Colorado State University geologist John Ridley is searching the globe for oil – but not the 200- million-year-old oil that energy companies pump out of the ground and into your gas tank.
Ridley is looking for really ancient, billion-year-old oil to serve not as fuel but rather as a key to reveal the story of the creation of life on Earth.
Trapped within these oil droplets – so small they are only a few billionths of a gram – are bits of organic material from life’s earliest days.
“It’s a tiny window into the past,” said Ridley, 49, who came to CSU from Australia two years ago to become the university’s first Edward Warner professor of economic geology.
Ridley and a team that includes researchers at the University of Washington and Australia’s Macquarie University and University of Sydney have gathered ancient rocks, with their tiny oil bubbles, from Canada, Australia and Africa.
A piece of quartz from Elliot Lake, Ontario, has offered up what looks to be a documented peek at life before oxygen blanketed the planet.
One theory of the origins of life is that after the Earth was created about 4.5 billion years ago it took about a billion years for the first one-cell organisms and bacteria to emerge. It was another 2 billion years before bacteria filled the atmosphere with oxygen.
“What we are trying to do is create a timeline to see when life changed,” Ridley said.
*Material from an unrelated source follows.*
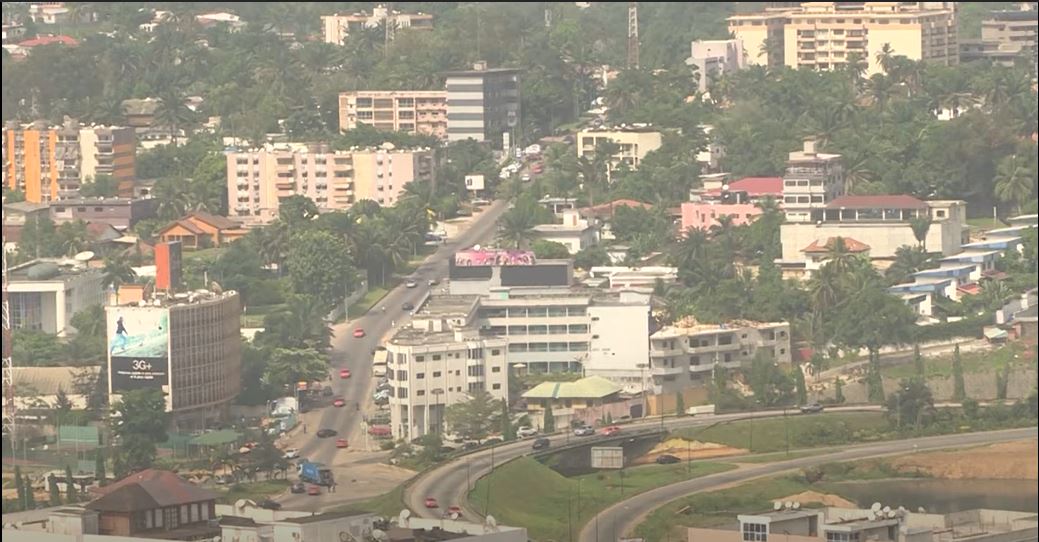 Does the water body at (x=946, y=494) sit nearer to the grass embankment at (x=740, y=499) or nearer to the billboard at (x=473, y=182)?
the grass embankment at (x=740, y=499)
After carefully washing the Ontario quartz to remove traces of recent life that could contaminate the sample – a 30-step process – a little bubble of oil, hardly a billionth of an ounce, was extracted.
What the researchers gleaned from this drop was that complex cells and oxygen-generating cynobacteria existed about 2.45 billion years ago. That is about 700 million years earlier than previously thought and 150 million years before an oxygen atmosphere.
The findings help buttress the theory that the bacteria were responsible for changing the atmosphere’s oxygen levels, the researchers say.
The Ridley team findings were published in the journal Geology this summer.
The goal of the timeline is to better understand the interplay between evolution and the environment, Ridley said.
“Life was actually pretty static for a billion years,” he said. “There wasn’t much evolution. When we see change in life, we have to go back and see what was happening on the Earth.”
And is this economic geology?
“My specialty is fluids,” Ridley said, noting that a lot of geology focuses on fluids like petroleum and water deep in the Earth’s crust, which is key in producing gold ore.
The ancient-oil research, Ridley said, “is valuable in another way.”